Every uReport also contains identification of the operating system, versions of the RPM packages involved in the crash, and whether the program ran under a root user. There are also items specific to each crash type:

  • for C/C++ crashes, these are: path to the executable and signal delivered to the program
  • for Python exceptions, there is the type of the exception (without the error message, which may contain sensitive data)
  • for kernel oopses, these are: list of loaded kernel modules, list of taint flags, and full text of the kernel oops

Installing ABRT

1. First, we’ll install the necessary packages to start using the ABRT tools and utilities. Install the abrt daemon and tools via the following command line:

# yum install abrt-cli

2. Enable and start the abrt daemon with the systemct command.

# systemctl enable abrtd
# systemctl start abrtd

For CentOS/RHEL 6 and below, use:

# chkconfig abrtd on
# service abrtd start

3. Verify the status of the service.

# systemctl status abrtd
● abrtd.service - ABRT Automated Bug Reporting Tool
   Loaded: loaded (/usr/lib/systemd/system/abrtd.service; enabled; vendor preset: enabled)
   Active: active (running) since Tue 2018-06-05 15:17:50 UTC; 15s ago
 Main PID: 2071 (abrtd)
    Tasks: 1
   CGroup: /system.slice/abrtd.service
           └─2071 /usr/sbin/abrtd -d -s

Jun 05 15:17:50 systemd[1]: Started ABRT Automated Bug Reporting Tool.
Jun 05 15:17:50 systemd[1]: Starting ABRT Automated Bug Reporting Tool...
Jun 05 15:17:50 abrtd[2071]: Init complete, entering main loop

Using abrt-cli

1. You may need to first enable the autoerporting feature, otherwise you would get an error when you execute the “abrt-cli list” command as shown below.

# abrt-cli list
The Autoreporting feature is disabled. Please consider enabling it by issuing
'abrt-auto-reporting enabled' as a user with root privileges

2. As suggested in the error message above enable the Autoreporting feature first using the below command.

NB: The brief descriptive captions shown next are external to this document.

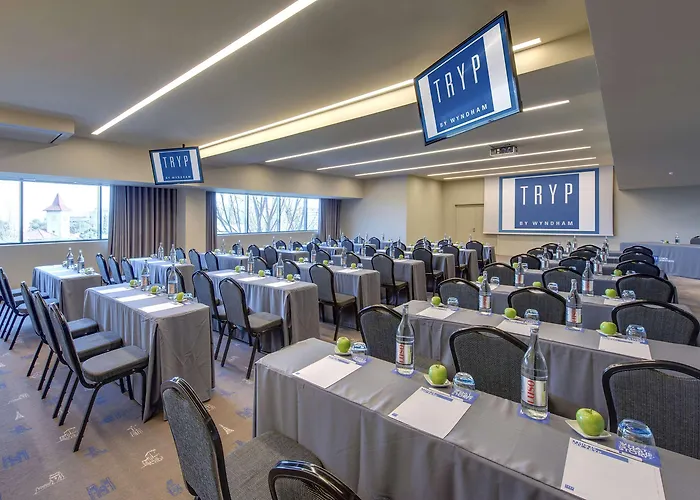 Melia Aeroporto Отель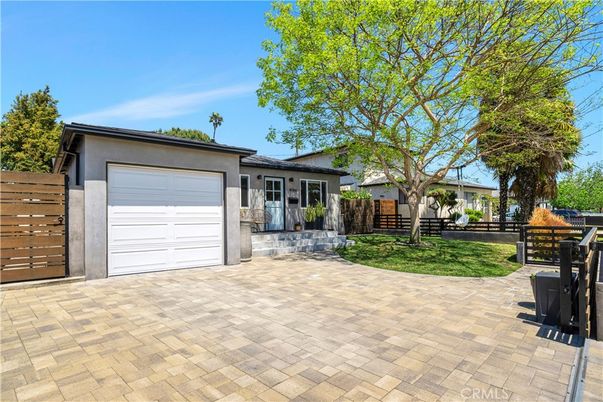 Attached, Backyard, Exterior, Facade, Modern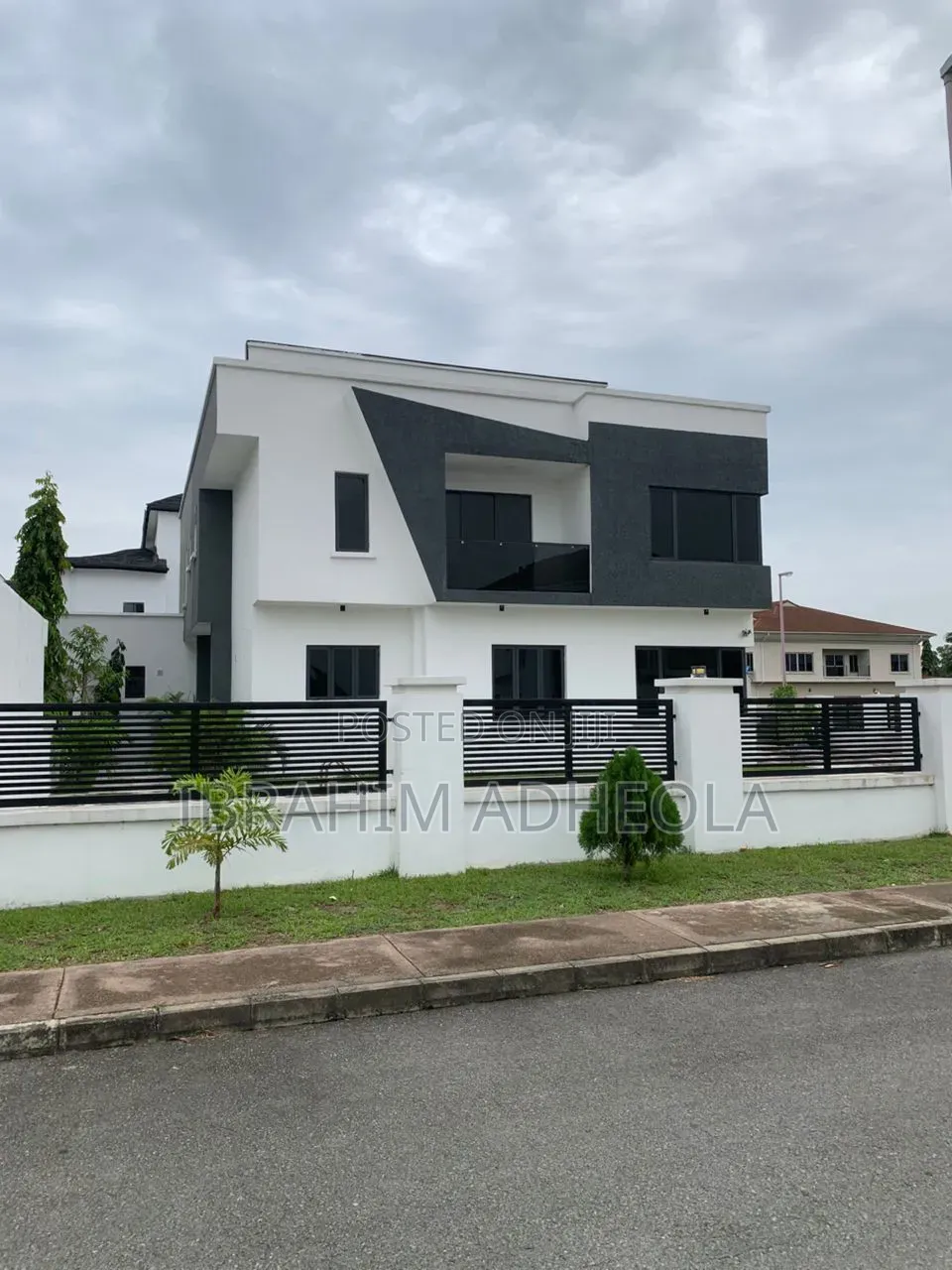4bdrm Duplex in Royal Garden Estate, Off Lekki-Epe Expressway for sale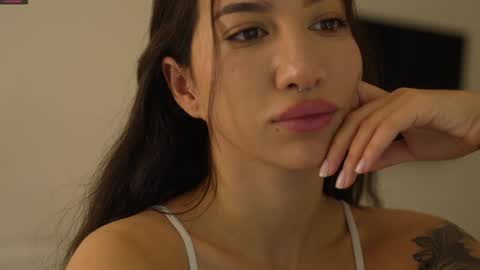 Leora online show from January 31, 4:27 pm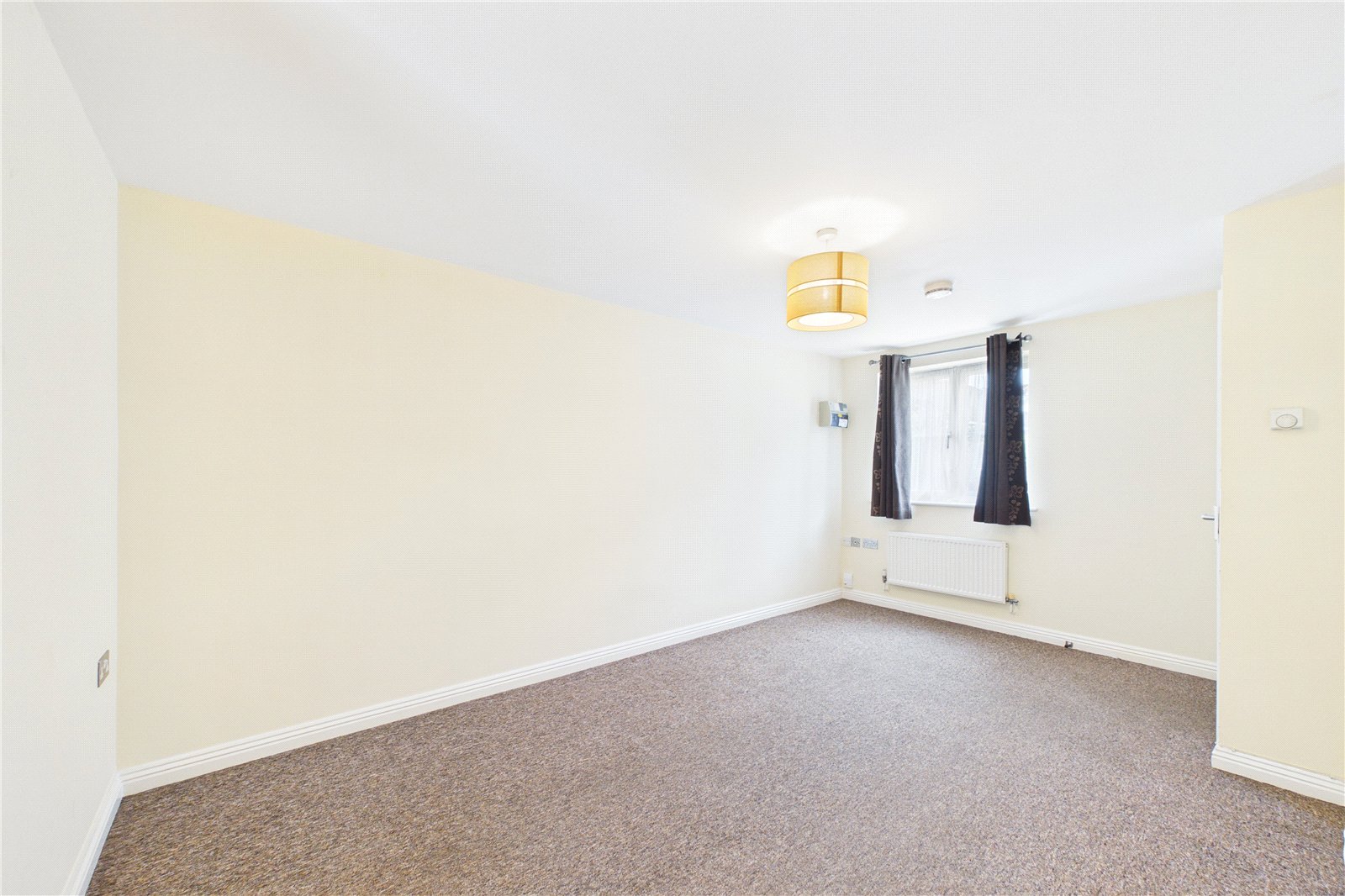 2 bedroom House to let in Reading, Berkshire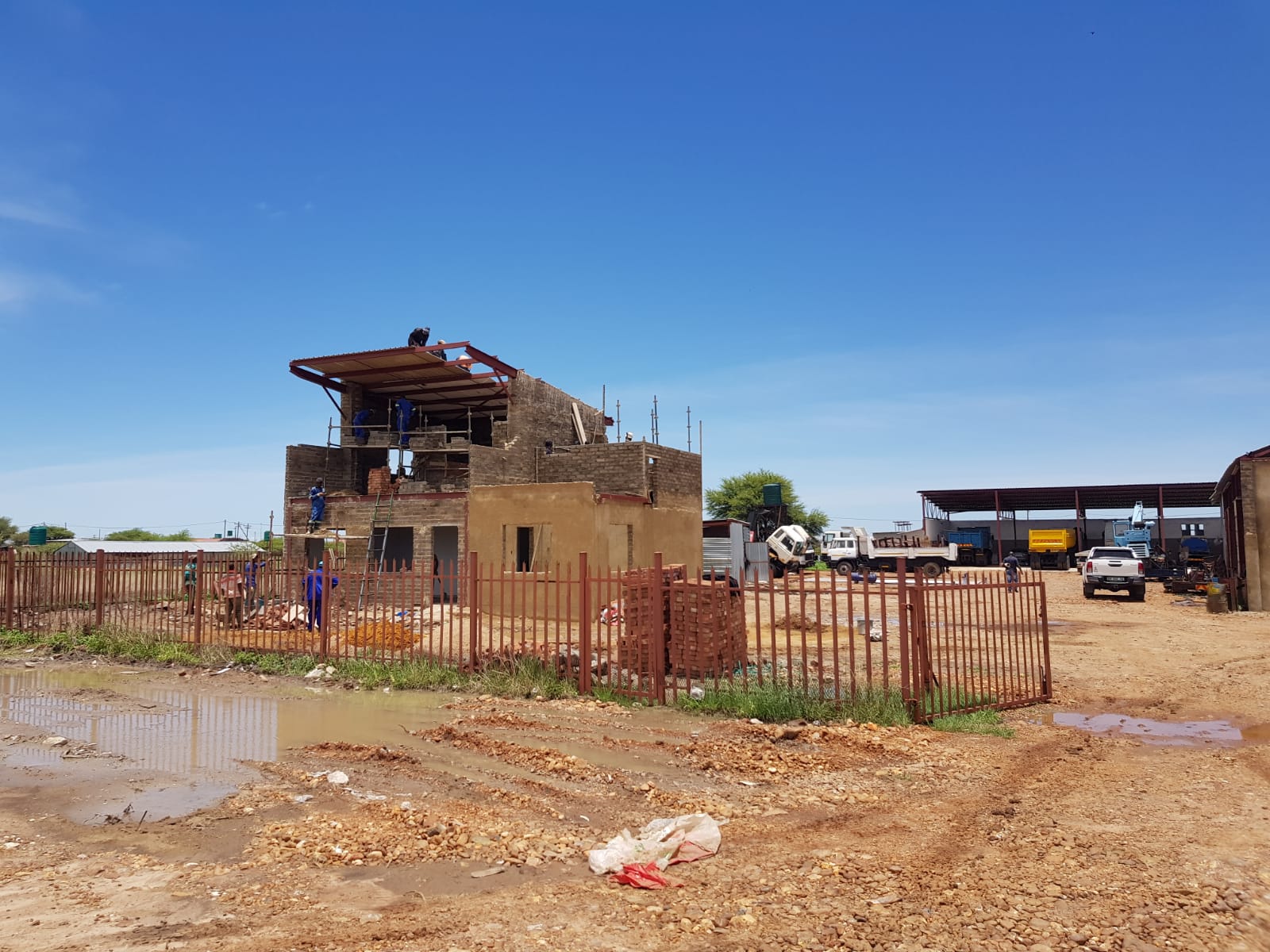 JJL Main Office — Build Process — Step 4 — Second storey & plaster going up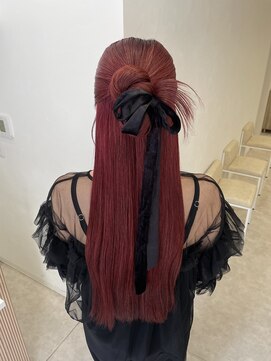 ディティカレスト(Dityca rst) タイトなカチモリハーフアップ♪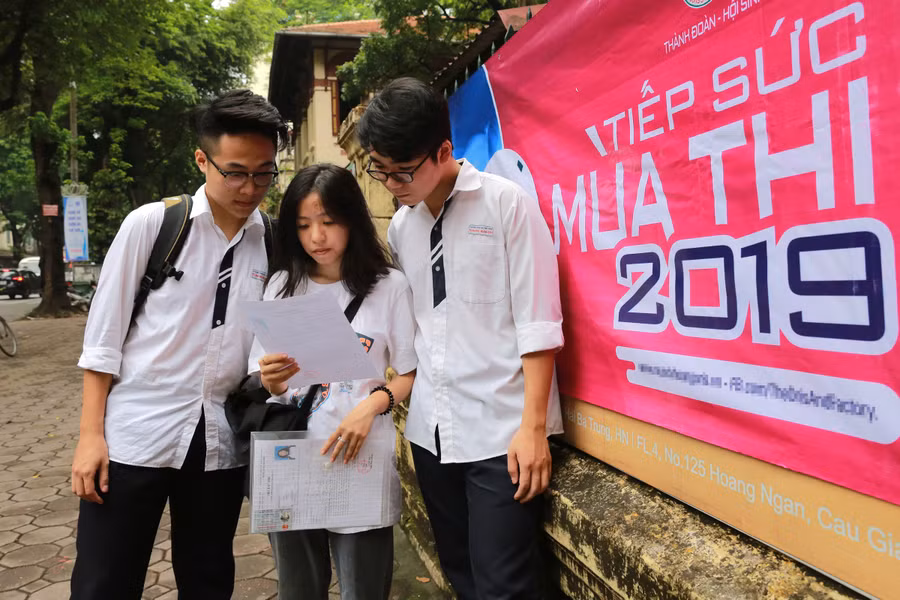 Thí sinh nhận phòng thi tại Trường THPT Trần Phú (Hà Nội).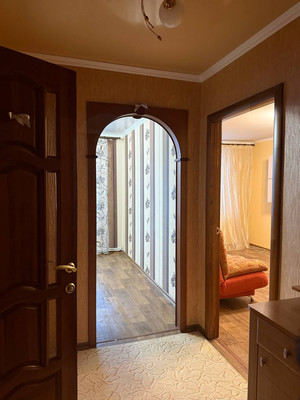 Продам однокомнатную (1-комн.) квартиру, Советская ул, 27, Поляны с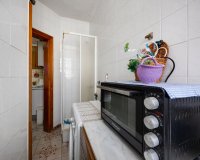 Resale - Apartament  - Torrevieja - Playa del Acequión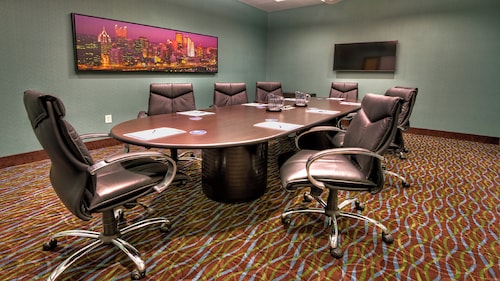 Holiday Inn Express & Suites Pittsburgh SW - Southpointe by IHG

# abrt-auto-reporting enabled

Enabling micro-reporting allows Red Hat to keep track of bug occurrences and potentially provide fixes even without the need to open a support case.

3. Once installed, ABRT will start catching crashes. When a crash occurs ABRT creates a sosreport and gathers all the necessary data for engineers to fix the crash. To list crashes caught by ABRT do:

# abrt-cli list

or use the desktop application (gnome-abrt on CentOS/RHEL 7, abrt-gui on CentOS/RHEL 6). ABRT will guide you through the reporting process. Please review the report so that it doesn’t contain any sensitive data.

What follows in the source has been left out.